Steven Pollard: Neural Stem Cells and Brain Cancer
Cancer Research Programme
There are currently four major areas of interest:
Lineage specific transcription factors We are using genetic and biochemical approaches to define the molecular mechanisms through which lineage-specific transcriptional regulators orchestrate self-renewal and differentiation, focussing on SOX, FOX and bHLH families. These lie at the heart of cell fate decision-making by neural stem and progenitor cells during development and within brain tumours.
Chemical and genetic screening We are carrying out image-based small molecule screens to search for new agents and pathways that can modulate self-renewal and differentiation of normal and glioblastoma-derived neural stem cells.

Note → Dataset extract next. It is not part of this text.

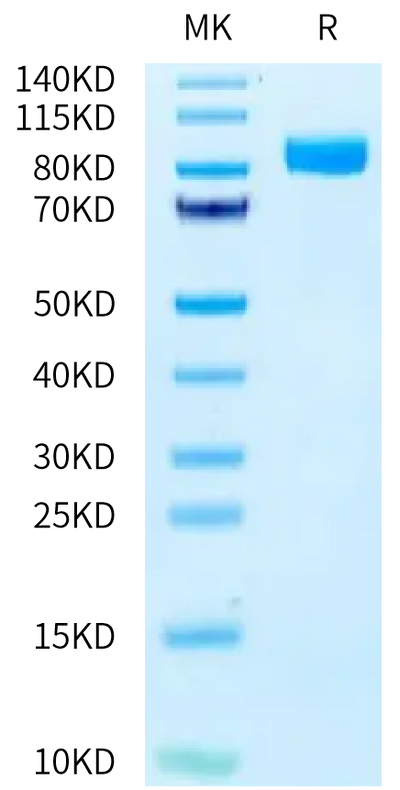 Human CD10 on Tris-Bis PAGE under reduced condition. The purity is greater than 95%.Recombinant Human CD10/MME Protein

Epigenetic programming and reprogramming We are investigating whether changes to the epigenome within glioblastoma-derived cancer stem cells enable suppression of malignant properties. We are using both direct differentiation as well as nuclear reprogramming strategies to test this.
Genome editing Designer transcription factors and nucleases (TALENs or CRISPR/Cas system) provide exciting new possibilities for sophisticated genetic and epigenetic manipulations of mouse and human neural stem cells. We are exploiting these tools with the goal of establishing efficient gene targetting in human neural stem cells and in directing stem cell fate.